PassengerId,Survived,Pclass,Name,Sex,SibSp,Parch,Ticket,Fare,Cabin,Embarked
1,0,3,"Braund, Mr. Owen ...",male,1,0,A/5 21171,7.25,C23,S
2,1,1,"Cumings, Mrs. Joh...",female,1,0,PC 17599,71.2833,C85,C
3,1,3,"Heikkinen, Miss. ...",female,0,0,STON/O2. 3101282,7.925,C23,S
4,1,1,"Futrelle, Mrs. Ja...",female,1,0,113803,53.1,C123,S
5,0,3,"Allen, Mr. Willia...",male,0,0,373450,8.05,C23,S


In [22]:
# Drop multiple columns ('Age', 'Parch', 'Ticket') from the DataFrame
df.drop('Age', 'Parch', 'Ticket').limit(5)
# Use the drop function to remove the specified columns ('Age', 'Parch', 'Ticket') from the DataFrame,
# and then limit the result to the first 5 rows to display the modified DataFrame.

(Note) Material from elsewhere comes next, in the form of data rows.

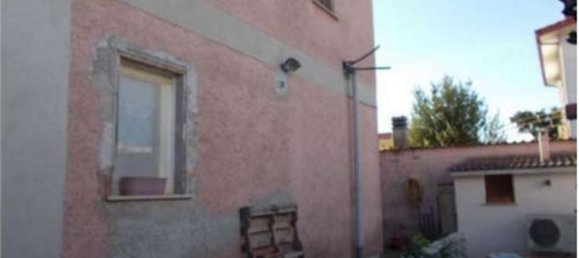 4 rooms Villa in Ardea, Italy No. 204700 3
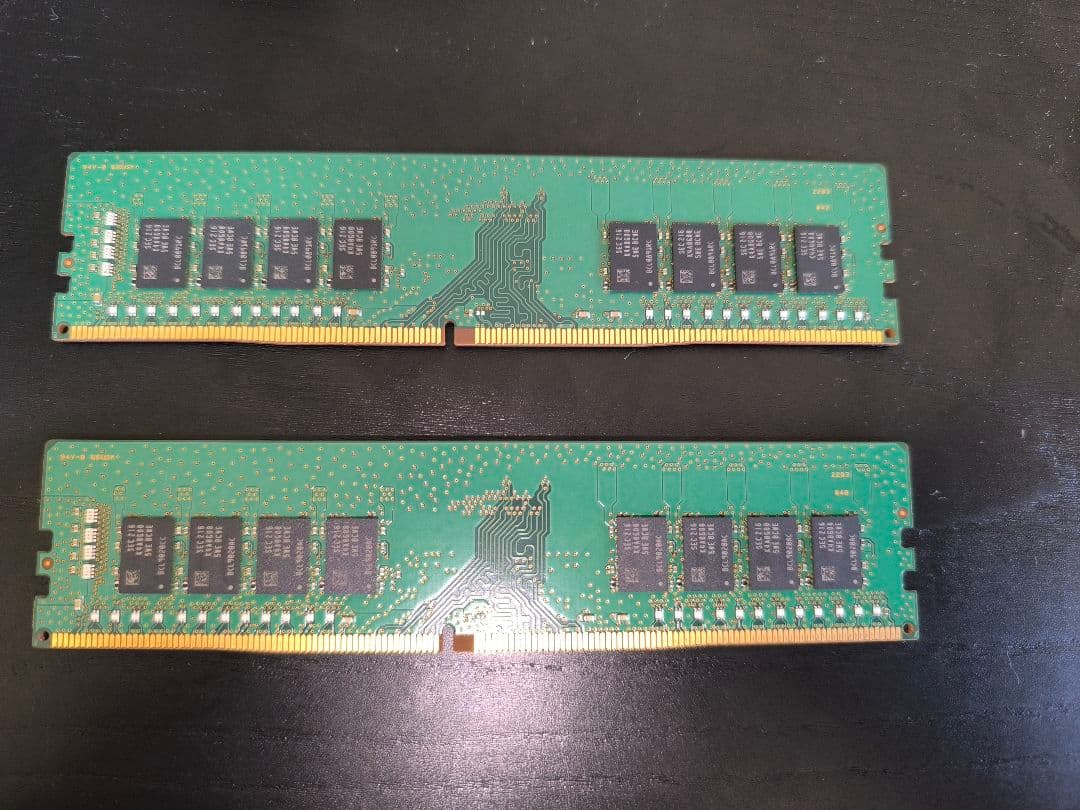 Samsung DDR4 32GB (16GBx2) メモリ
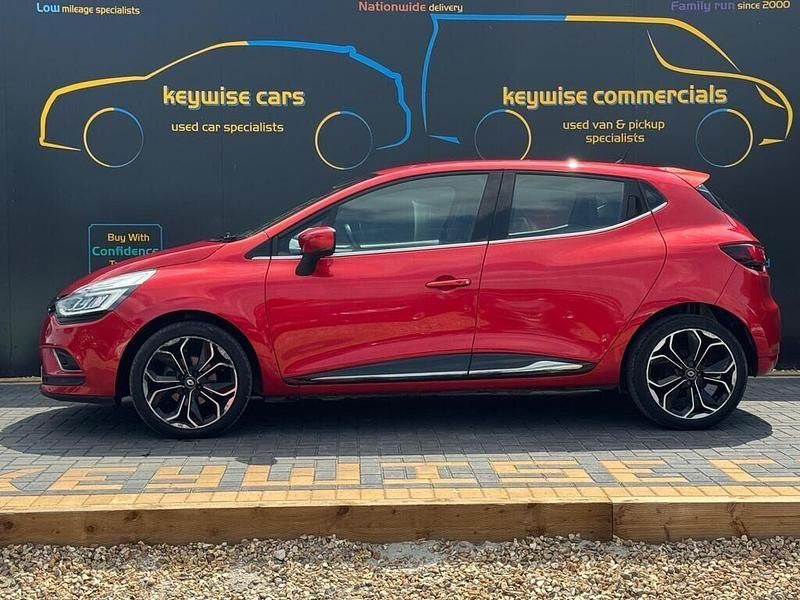 Used Renault Clio IV Dynamique 2017 Red Hatchback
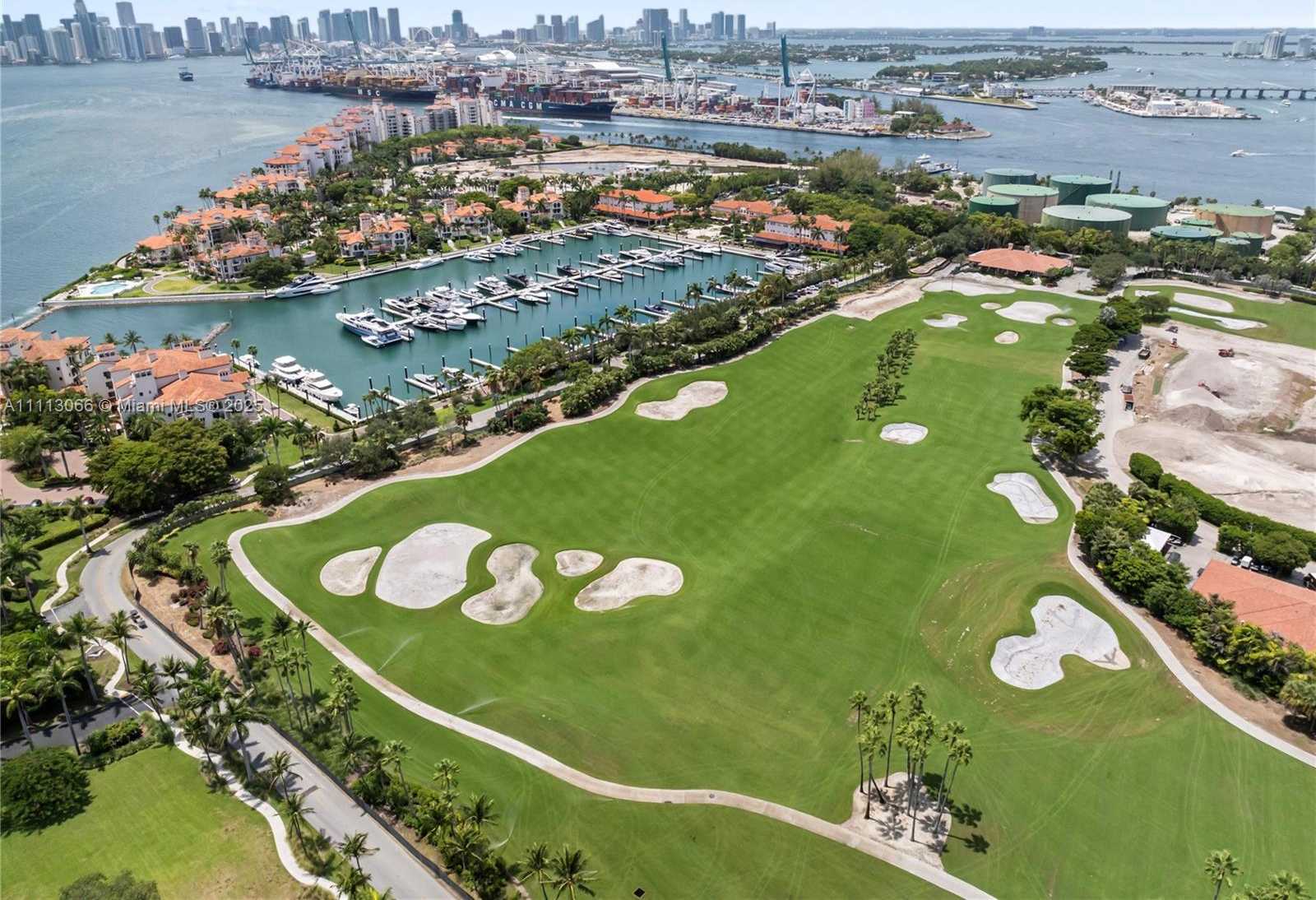 Small Image of 19143 FISHER ISLAND DR #19143, Miami Beach Number 5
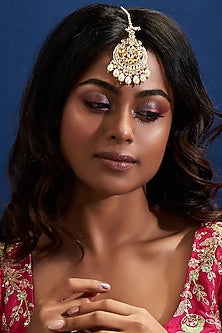Gold Finish Yellow Kundan Polki & Pearl Maang Tikka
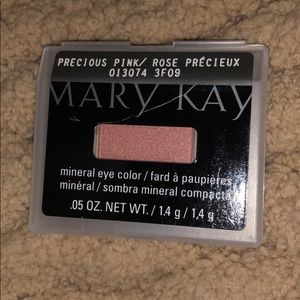 New in box, Mary Kay eyeshadow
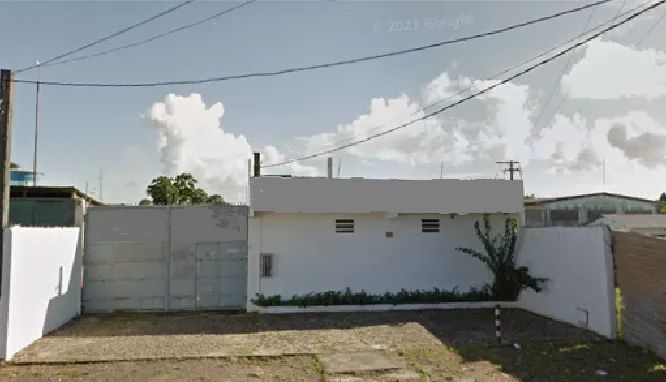 Excelente área comercial no Poloplast com salas e terreno livre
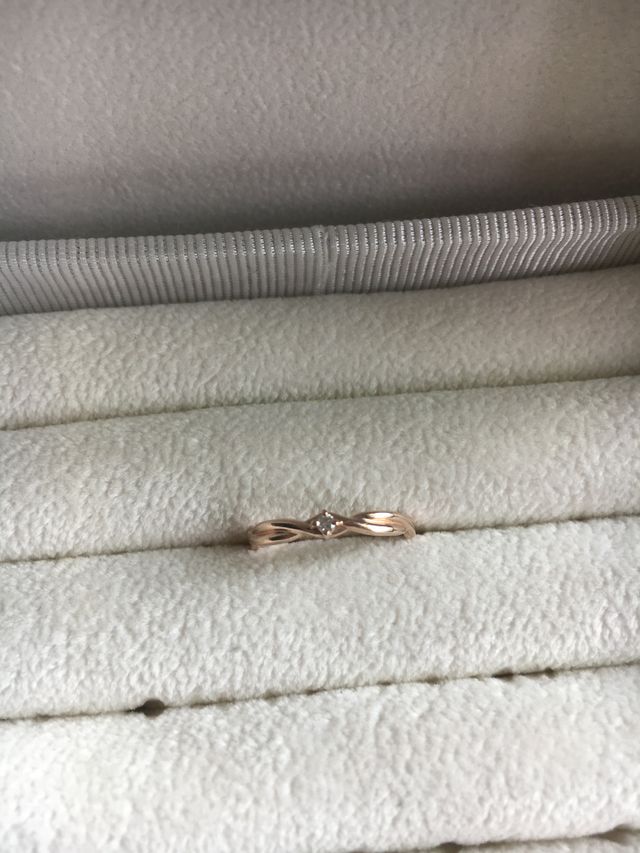 ピンクゴールドがおしゃれで可愛いです。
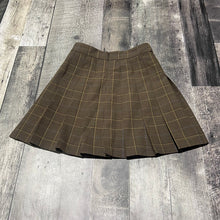 Load image into Gallery viewer, Sunday Best brown/blue skirt - Hers size 00
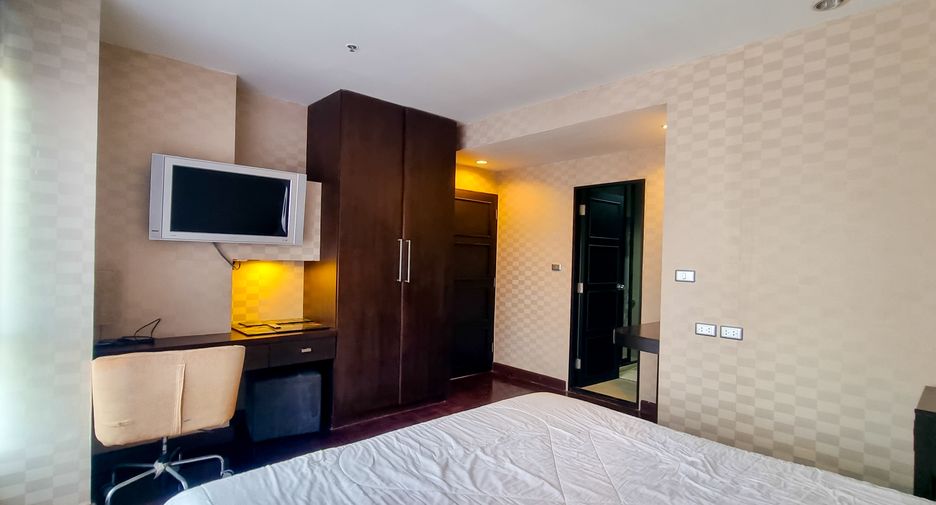 For sale 3 bedrooms condo in Pratumnak, Pattaya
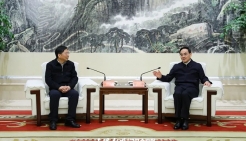 徐麟会见中国红十字会党组书记、常务副会长王可一行
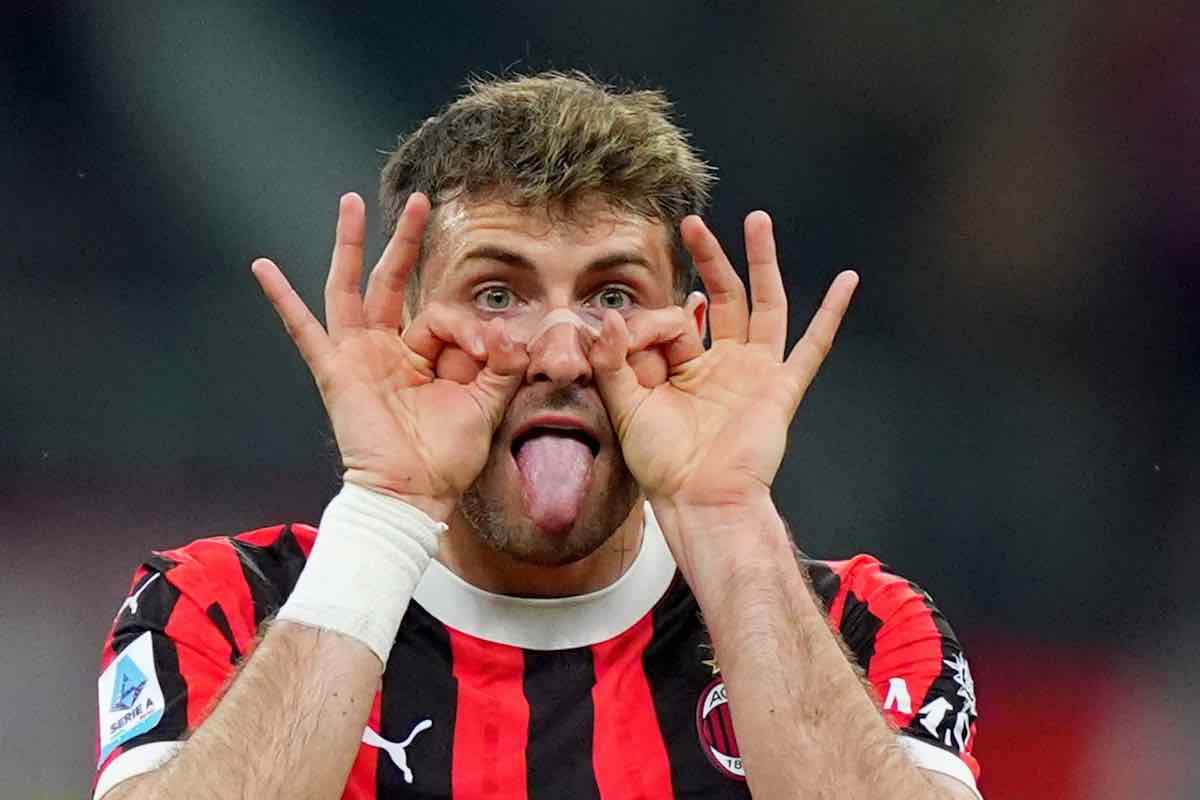 Santi Gimenez esulta dopo il gol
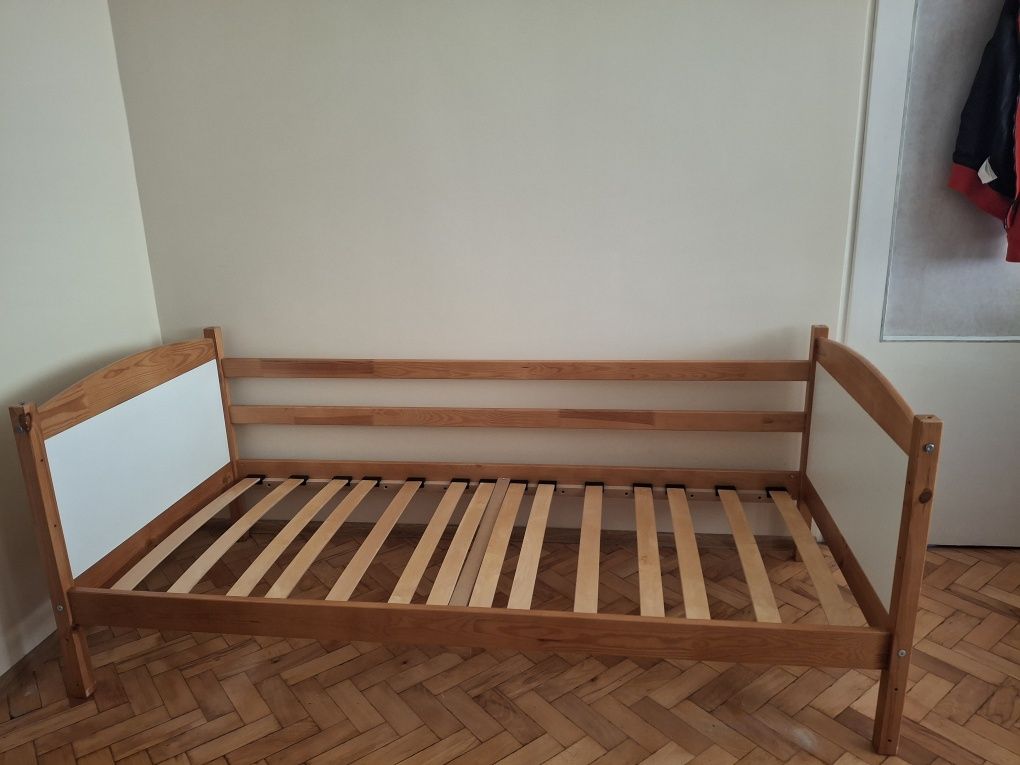 Łóżko plus szuflada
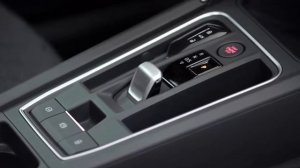 2020 Seat Leon интерьер и дизайн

PassengerId,Survived,Pclass,Name,Sex,SibSp,Fare,Cabin,Embarked
1,0,3,"Braund, Mr. Owen ...",male,1,7.25,C23,S
2,1,1,"Cumings, Mrs. Joh...",female,1,71.2833,C85,C
3,1,3,"Heikkinen, Miss. ...",female,0,7.925,C23,S
4,1,1,"Futrelle, Mrs. Ja...",female,1,53.1,C123,S
5,0,3,"Allen, Mr. Willia...",male,0,8.05,C23,S


In [23]:
# Sort the 'Age' column in descending order in the DataFrame
df.sort(desc('Age')).limit(5)
# Use the sort function with desc (descending) order on the 'Age' column to arrange the DataFrame rows based on the 'Age' values in descending order,
# and then limit the result to the first 5 rows to display the sorted DataFrame.

PassengerId,Survived,Pclass,Name,Sex,Age,SibSp,Parch,Ticket,Fare,Cabin,Embarked
183,0,3,"Asplund, Master. ...",male,9,4,2,347077,31.3875,C23,S
148,0,3,"""Ford, Miss. Robi...",female,9,2,2,W./C. 6608,34.375,C23,S
166,1,3,"""Goldsmith, Maste...",male,9,0,2,363291,20.525,C23,S
490,1,3,"""Coutts, Master. ...",male,9,1,1,C.A. 37671,15.9,C23,S
481,0,3,"Goodwin, Master. ...",male,9,5,2,CA 2144,46.9,C23,S


### As you reach the end of this PySpark notebook , remember: every line of code written is a step towards mastering the power of big data. Best of luck in your future data adventures, and may your insights be as profound as your code is elegant! Happy Sparking!